▶ _Problem requirements_: In the records below, the line that contains "Privat Mrzkan Liptovský Mikuláš Kamer foto" marks the start. Copy it and each line after it through the end, exactly, without pictures.

::: Material for this exercise :::

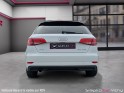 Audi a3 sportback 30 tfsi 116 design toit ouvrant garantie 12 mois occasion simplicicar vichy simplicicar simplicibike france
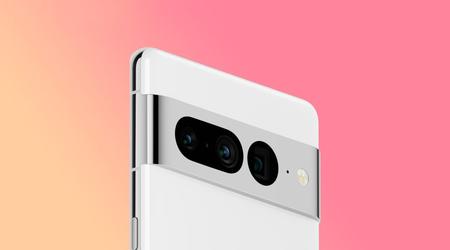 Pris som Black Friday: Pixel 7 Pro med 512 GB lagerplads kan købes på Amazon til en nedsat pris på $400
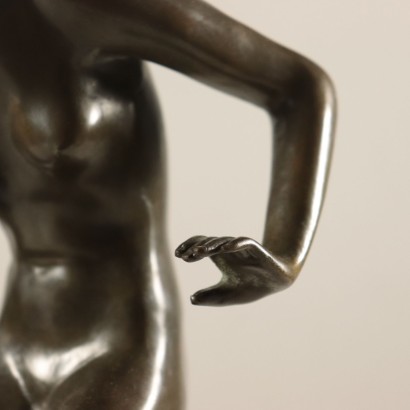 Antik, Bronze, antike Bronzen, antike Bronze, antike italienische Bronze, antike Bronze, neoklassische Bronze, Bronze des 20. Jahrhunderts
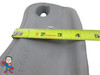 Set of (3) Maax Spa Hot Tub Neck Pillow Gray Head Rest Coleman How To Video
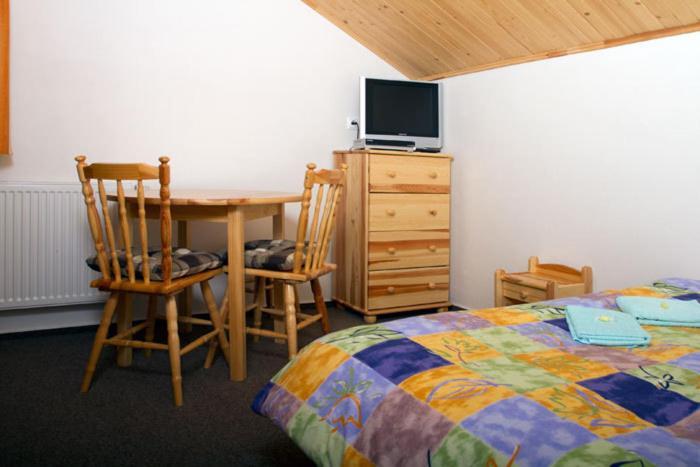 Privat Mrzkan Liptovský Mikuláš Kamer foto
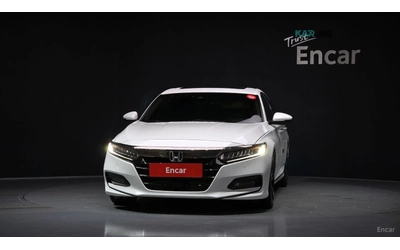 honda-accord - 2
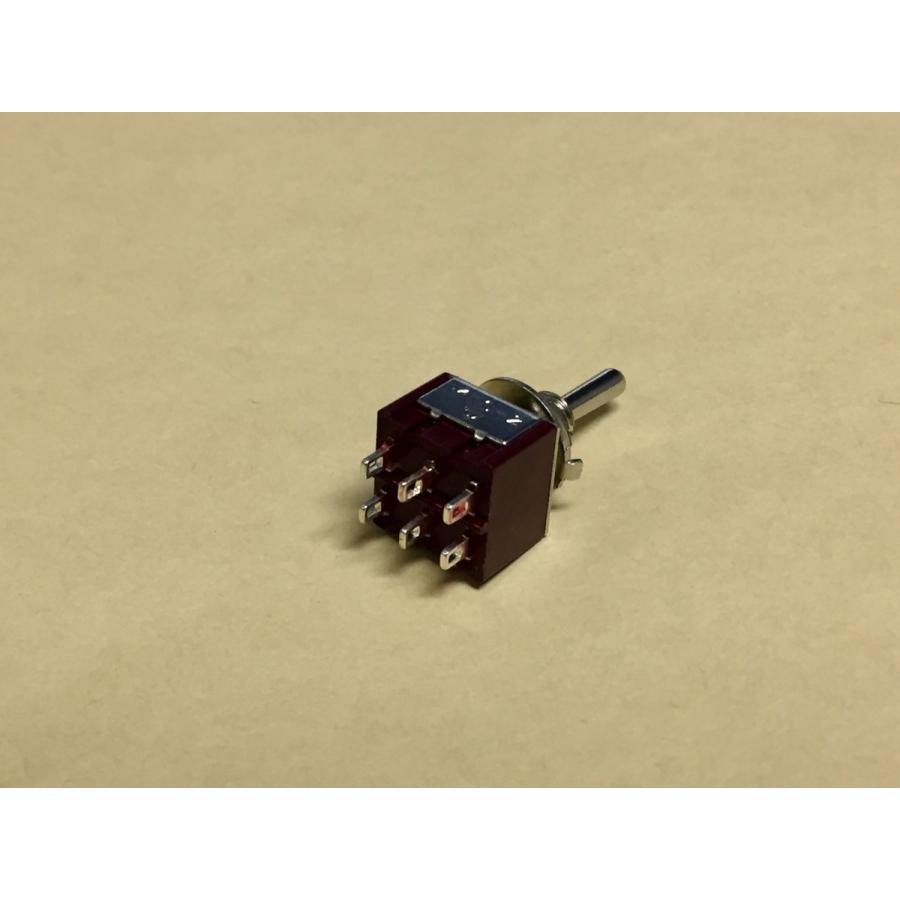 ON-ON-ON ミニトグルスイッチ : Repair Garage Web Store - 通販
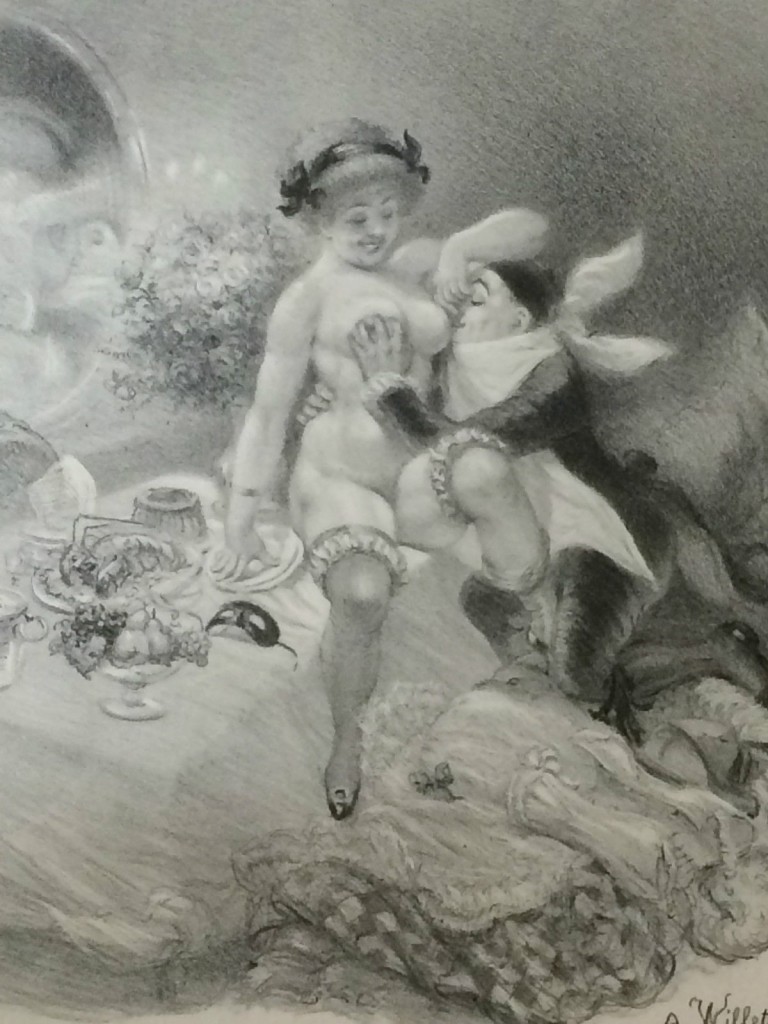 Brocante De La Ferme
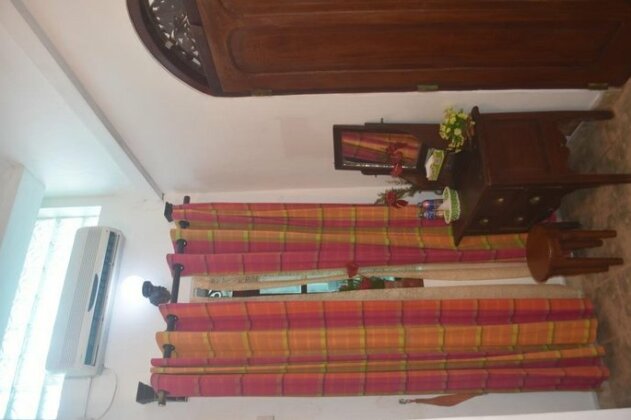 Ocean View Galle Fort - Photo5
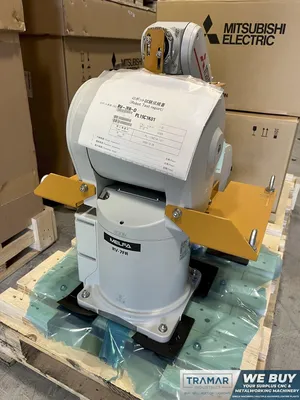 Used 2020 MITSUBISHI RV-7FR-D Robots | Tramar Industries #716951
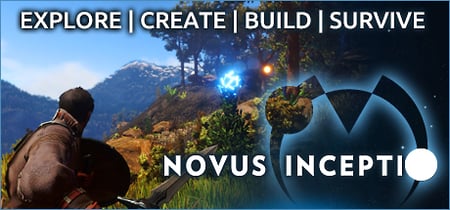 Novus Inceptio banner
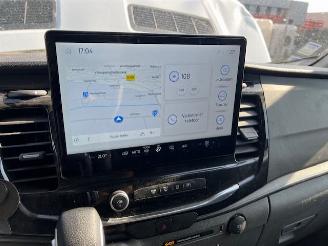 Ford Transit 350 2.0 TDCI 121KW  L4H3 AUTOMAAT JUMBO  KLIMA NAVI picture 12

:::

▶ _Answer_:
 Privat Mrzkan Liptovský Mikuláš Kamer foto
 honda-accord - 2
 ON-ON-ON ミニトグルスイッチ : Repair Garage Web Store - 通販
 Brocante De La Ferme
 Ocean View Galle Fort - Photo5
 Used 2020 MITSUBISHI RV-7FR-D Robots | Tramar Industries #716951
 Novus Inceptio banner
 Ford Transit 350 2.0 TDCI 121KW  L4H3 AUTOMAAT JUMBO  KLIMA NAVI picture 12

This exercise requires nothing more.